The nsswitch Decision Chain

Open /etc/nsswitch.conf on any Linux system and look for the hosts line:

hosts:          files dns myhostname

This line is an instruction manual for the resolver. It reads left to right:

  1. files — Check /etc/hosts first. This flat file maps hostnames to IP addresses directly. If api.example.com has an entry here, resolution stops. No DNS query is sent. This is how localhost resolves to 127.0.0.1 — it’s hardcoded in /etc/hosts, not resolved through DNS.

  2. dns — If /etc/hosts has no match, the resolver reads /etc/resolv.conf to find the configured nameserver and sends a DNS query.

  3. myhostname — As a final fallback, the machine’s own hostname resolves to its own address.

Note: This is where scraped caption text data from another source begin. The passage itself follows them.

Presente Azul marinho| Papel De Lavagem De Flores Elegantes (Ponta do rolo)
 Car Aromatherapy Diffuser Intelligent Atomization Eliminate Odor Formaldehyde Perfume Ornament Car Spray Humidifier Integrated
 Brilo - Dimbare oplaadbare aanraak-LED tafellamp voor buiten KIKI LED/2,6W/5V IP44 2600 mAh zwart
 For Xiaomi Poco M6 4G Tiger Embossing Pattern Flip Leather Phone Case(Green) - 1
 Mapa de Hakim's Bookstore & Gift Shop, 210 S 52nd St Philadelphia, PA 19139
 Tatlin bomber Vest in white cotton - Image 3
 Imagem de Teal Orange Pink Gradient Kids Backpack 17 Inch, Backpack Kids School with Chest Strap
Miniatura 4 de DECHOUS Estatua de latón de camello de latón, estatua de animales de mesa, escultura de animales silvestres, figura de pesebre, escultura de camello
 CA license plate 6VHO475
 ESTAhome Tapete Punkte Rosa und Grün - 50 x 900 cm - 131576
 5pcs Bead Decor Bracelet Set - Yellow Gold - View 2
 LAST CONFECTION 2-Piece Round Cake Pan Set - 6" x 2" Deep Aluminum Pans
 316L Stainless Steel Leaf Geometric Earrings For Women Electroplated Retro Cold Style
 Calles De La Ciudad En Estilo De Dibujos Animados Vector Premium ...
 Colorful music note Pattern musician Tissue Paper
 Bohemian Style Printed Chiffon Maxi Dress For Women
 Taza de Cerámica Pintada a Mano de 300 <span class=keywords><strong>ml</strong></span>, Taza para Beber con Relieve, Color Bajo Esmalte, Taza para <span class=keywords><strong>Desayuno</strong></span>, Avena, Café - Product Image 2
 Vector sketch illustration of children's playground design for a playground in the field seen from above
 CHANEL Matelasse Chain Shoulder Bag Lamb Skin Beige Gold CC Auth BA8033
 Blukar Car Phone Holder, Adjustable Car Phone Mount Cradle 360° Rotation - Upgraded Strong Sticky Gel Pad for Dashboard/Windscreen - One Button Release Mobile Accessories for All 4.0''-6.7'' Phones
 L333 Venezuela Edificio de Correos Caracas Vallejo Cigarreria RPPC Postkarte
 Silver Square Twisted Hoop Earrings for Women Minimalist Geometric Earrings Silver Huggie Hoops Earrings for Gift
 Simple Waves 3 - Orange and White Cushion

The order matters. If you put dns before files, /etc/hosts overrides are ignored. Container orchestrators like Kubernetes manipulate /etc/resolv.conf to inject cluster-internal DNS servers, which is how my-service.default.svc.cluster.local resolves inside a pod. If you’ve ever wondered why your container can reach services by name — this is the mechanism.

The Recursive Resolution

When the query hits the DNS recursive resolver (the server listed in /etc/resolv.conf), a layered lookup begins. Say you’re resolving api.example.com:

  1. The resolver checks its cache. If it has a fresh answer (within TTL), it returns immediately.
  2. If not cached, it asks a root nameserver (there are 13 root server IPs, operated by different organizations): “Who handles .com?”
  3. The root server responds with the address of a .com TLD (Top-Level Domain) nameserver.
  4. The resolver asks the TLD server: “Who handles example.com?”
  5. The TLD server responds with the authoritative nameserver for example.com (e.g., ns1.example.com at 198.51.100.1).
  6. The resolver asks the authoritative server: “What is the A record for api.example.com?”
  7. The authoritative server responds: 93.184.216.34, TTL 300 seconds.

The resolver caches the result for 300 seconds and returns it to your application.

You can trace this entire chain manually:

# Ask a root server directly, disabling recursive resolution
$ dig @a.root-servers.net api.example.com +norecurse

# You'll get a referral to .com TLD servers
;; AUTHORITY SECTION:
com.                172800  IN  NS  a.gtld-servers.net.

# Now ask the .com TLD server
$ dig @a.gtld-servers.net api.example.com +norecurse

# You'll get a referral to example.com's nameservers
;; AUTHORITY SECTION:
example.com.        172800  IN  NS  ns1.example.com.

# Now ask the authoritative nameserver
$ dig @ns1.example.com api.example.com

# You'll get the actual answer
;; ANSWER SECTION:
api.example.com.    300     IN  A   93.184.216.34

That 300 is the TTL — five minutes. After five minutes, your resolver will re-query the authoritative server. During those five minutes, if example.com’s operator changes the IP address, your resolver won’t know. Your traffic will continue flowing to the old address.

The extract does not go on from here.